I. "I believe in the Church of Baseball ..."

RON SHELTON (WRITER, DIRECTOR): I played ball in the minors for five seasons and quit during the strike of 1972. I was a second baseman in the Orioles' organization. Baltimore was a powerhouse at that time: Bobby Grich, Don Baylor, Brooks Robinson, Frank Robinson, Boog Powell and four 20-game winners. The highest I got was the Rochester Red Wings, in Triple A. I was a .251 hitter, and the most I made was about $900 a month. I had a couple of good years, and I probably could have kept grinding it, maybe gotten a shot somewhere. But I didn't want to become Crash Davis.

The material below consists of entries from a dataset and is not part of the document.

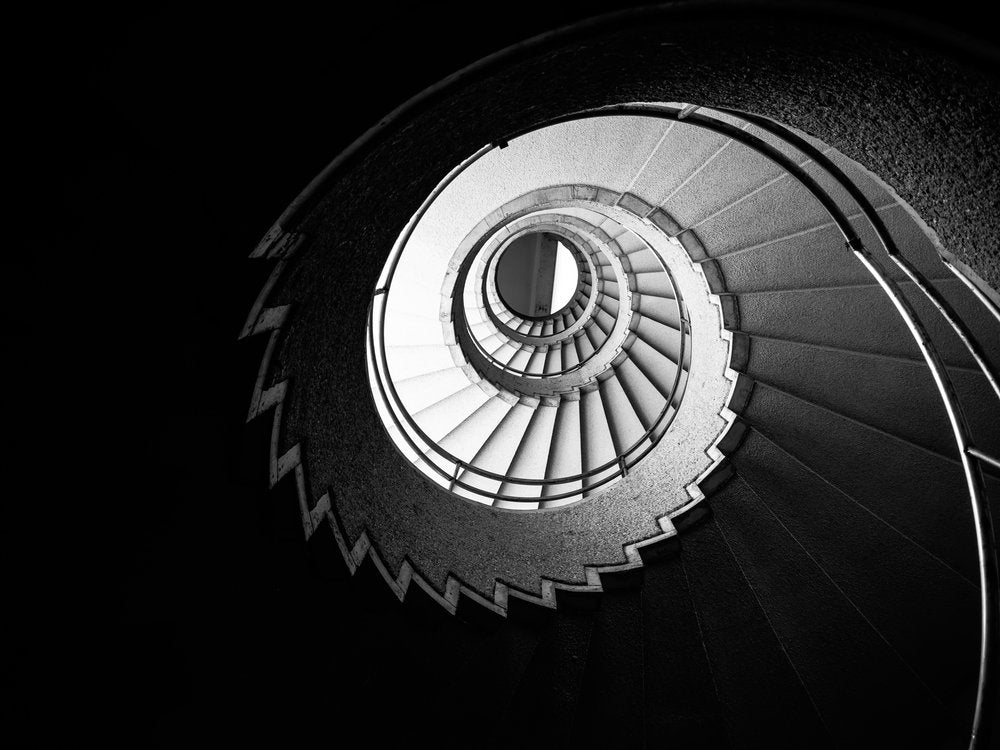 Endless Spiral Staircase
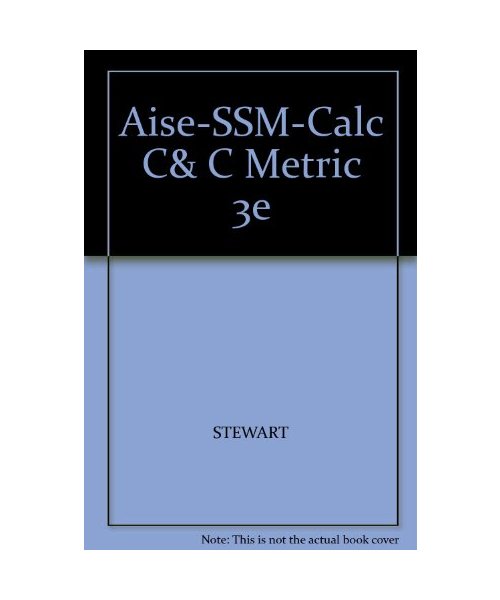 SSM Calculus. Concepts and Contexts. Metric Version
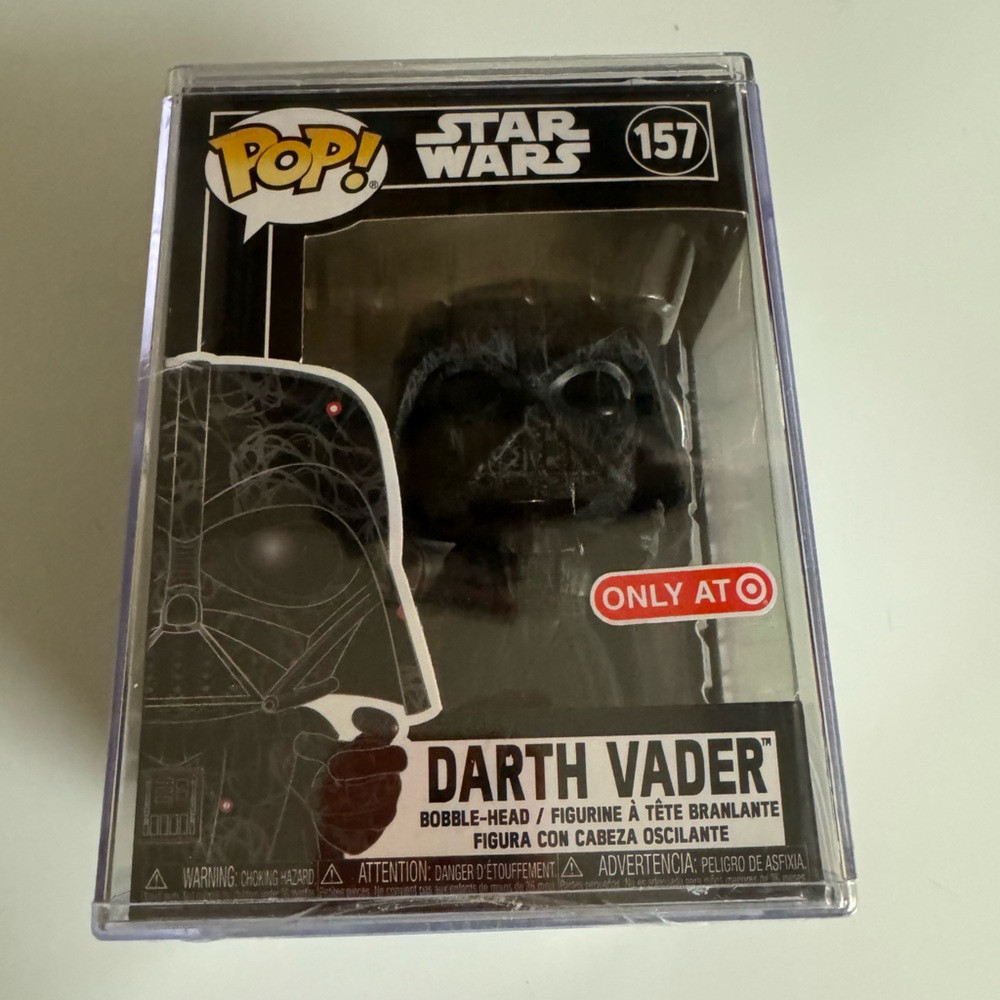 ❌ 157 Funko Pop Star Wars Darth Vader TARGET EXCLUSIVE NWT ❌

THOM MOUNT (PRODUCER): In the early '80s, along with two partners, I started a company that bought and developed minor league baseball teams, including the Durham Bulls for $35,000. I had grown up in Durham, going to the ballpark that's in the movie. A ball game, a hot dog and a Coke on a summer evening—how much better can life get?

SHELTON: When I was playing, I would go to the movies like a junkie. What else can you do when you're on the road? And then my playing days were over. You live with an edge when you play; then, when you're out of baseball, you try to replace that edge for the rest of your life. For me that edge came from screenplays. I'd written a couple that got made: Under Fire, about the Nicaraguan revolution, and The Best of Times [with Robin Williams and Kurt Russell], about trying to replay a high school football game some years later. When I was ready to direct, I thought I should write about something that I knew better than anybody else, even though I had always hated baseball movies. They always have a big game at the end and someone always hits a walk-off grand slam, which almost never happens. Baseball careers end on a ground ball to short.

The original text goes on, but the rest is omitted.